À MADAME MAURICE DUPIN, À PARIS


Bordeaux, 11 juin 1829.


Dites-moi donc, ma chère petite mère, ce que c’est que cette histoire de naufrage qui m’a frappée dans mon enfance et qui s’est passée, autant qu’il m’en souvient, aux lieux où je suis ? Je vous vois encore tout effrayée ; je me rappelle mon père se jetant à l’eau pour sauver son sabre, après nous avoir mises en sûreté ; puis les jurements des matelots ; puis l’eau qui entrait dans l’embarcation.
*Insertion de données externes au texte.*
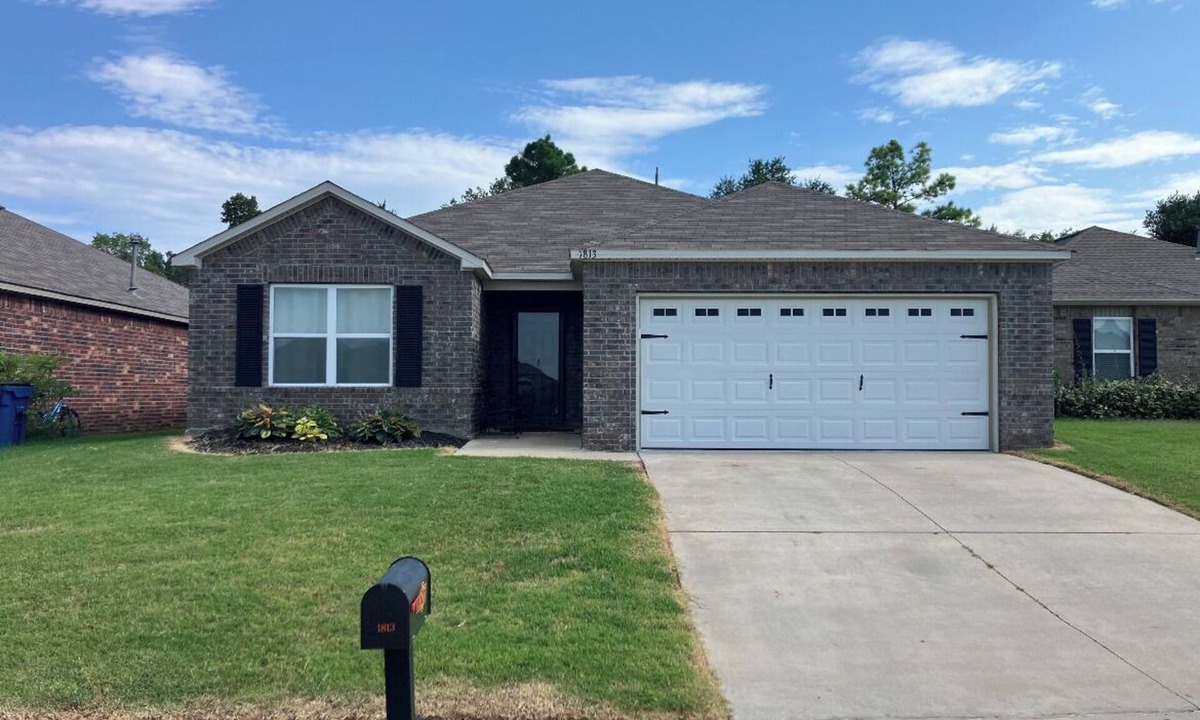 Stillwater House | “Your Honey Bee”100%,Newer4-bedroom housewith everything incharming Stillwater,“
Veuillez me raconter tout cela, afin que je comprenne ce qui m’est arrivé et que je puisse me vanter d’avoir couru un fameux danger. Ce sera d’autant plus nécessaire à ma gloire, que, dans l’expédition que je viens de faire, je n’ai pas eu la satisfaction de la plus petite tempête.

Vous qui avez été partout, vous connaissez la tour de Cordouan, seule sur un rocher au milieu de la mer, vis-à-vis des côtes de la Saintonge et de la Gascogne. On prétend que c’est un voyage difficile et dangereux ; et voyez comme c’est vexant : pour une fois que nous y allons, les vents sont favorables, les flots dociles et les pilotes excellents ! Enfin l’humiliation a été complète, aucun de nous n’a eu le mal de mer, et nous sommes revenus aussi sains, aussi gais (je ne dirai pas aussi frais, car nous étions noirs comme des Cafres et rouges comme des Caraïbes), en un mot aussi dispos que si nous eussions fait un tour sur le boulevard de Gand.
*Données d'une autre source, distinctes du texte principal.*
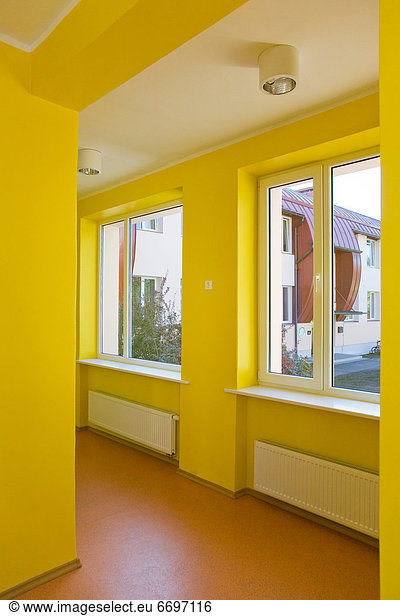 Korridor  Korridore  Flur  Flure  gelb  Schule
Un succès aussi facile me donne une fière envie de faire le tour du monde sur un navire, et d’aller à la Chine comme qui prend une prise de tabac. Ne vous effrayez pourtant pas trop de ce projet, et ne croyez pas qu’au premier jour vous allez recevoir une lettre de moi datée de Pékin. Pour le moment, je tâcherai de me contenter des pékins qui m’environnent, et, dans un mois au plus, je reverrai Nohant, qui a bien aussi ses Chinois et ses magotes.

Hippolyte me mande que vous avez presque le projet de venir à Nohant cet été. Dieu vous maintienne dans cette bonne idée !

Adieu, chère maman ; je vous embrasse ; mais non, je n’en suis pas digne, je baise votre pantoufle.